0018

Fetal cardiac 4D imaging from multi-planar balanced SSFP MRI
Sharon Portnoy1, Joshua F.P. van Amerom2, Amanda Hope3, Datta Singh Goolaub3, Liqun Sun2, Mike Seed2,4, and Christopher K. Macgowan1,5
1Translational Medicine, Hospital for Sick Children, Toronto, ON, Canada, 2Cardiology, Hospital for Sick Children, Toronto, ON, Canada, 3Hospital for Sick Children, Toronto, ON, Canada, 4Diagnostic Imaging, Hospital for Sick Children, Toronto, ON, Canada, 5Medical Biophysics, University of Toronto, Toronto, ON, Canada

Synopsis

This work explores the feasibility of 4D fetal whole-heart image reconstruction from high resolution 2D multiplanar radial bSSFP acquisitions. High quality 4D reconstructions (1 mm isotropic spatial resolution, ~20 ms temporal resolution) are demonstrated in 3 congenital heart disease cases with distinct cardiac abnormalities.
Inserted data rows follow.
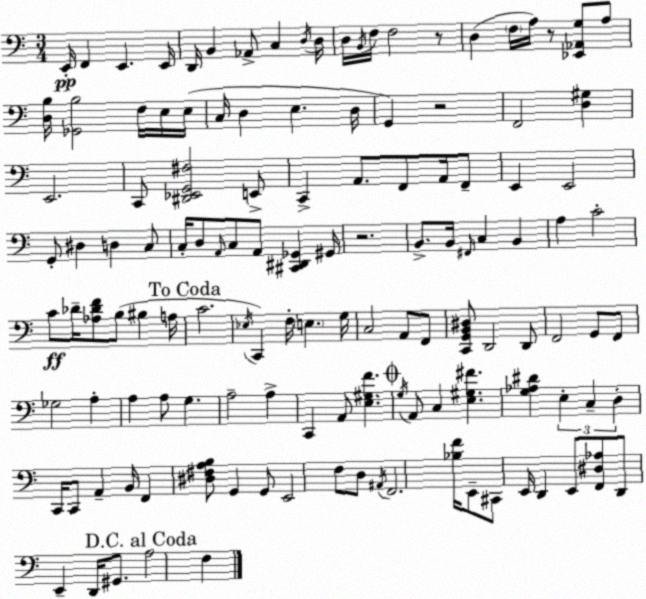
X:1
T:Untitled
M:3/4
L:1/4
K:Am
E,,/4 F,, E,, E,,/4 D,,/4 B,, _A,,/2 C, D,/4 D,/4 D,/4 B,,/4 F,/4 F,2 z/2 D, F,/4 A,/4 z/2 [_E,,_A,,G,]/2 A,/2 [D,B,]/4 [_G,,B,]2 F,/4 E,/4 E,/4 C,/4 D, E, D,/4 G,, z2 F,,2 [D,^G,] E,,2 C,,/2 [^D,,_E,,G,,^F,]2 E,,/2 C,, A,,/2 F,,/2 A,,/4 F,,/2 E,, E,,2 G,,/2 ^D, D, C,/2 C,/4 D,/2 A,,/4 C,/2 A,,/2 [^C,,^D,,_G,,] ^G,,/4 z2 B,,/2 B,,/4 ^F,,/4 C, B,, A, C2 C/2 _D/4 [_A,_DF]/2 B,/2 ^B, A,/4 C2 _E,/4 C,, F,/4 E, G,/4 C,2 A,,/2 F,,/2 [C,,G,,B,,^D,]/2 D,,2 D,,/2 F,,2 G,,/2 F,,/2 _G,2 A, A, A,/2 G, A,2 A, C,, A,,/2 [E,^G,F] G,/4 A,,/2 C, [E,^G,^F] [G,_A,^D] E, C, D, C,,/4 C,,/2 A,, B,,/4 F,, [^D,^F,A,B,]/2 G,, G,,/2 E,,2 F,/2 D,/2 ^A,,/4 F,,2 [_B,F]/4 E,,/2 ^C,,/2 E,,/4 D,, E,,/2 [F,,^D,_A,]/2 D,,/2 E,, D,,/4 ^G,,/2 A,2 F,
These dynamic, highly detailed visualizations of the fetal heart facilitate prenatal CHD diagnosis and planning for delivery and surgical intervention.

Introduction

With an estimated prevalence of ~8 in 1000 live births, congenital heart disease (CHD) is the most common birth defect. Prenatal detection of CHD has been shown to impact neonatal survival and morbidity and neurocognitive outcomes, likely due to planned delivery and immediate interventions, which prevent circulatory failure after birth [1].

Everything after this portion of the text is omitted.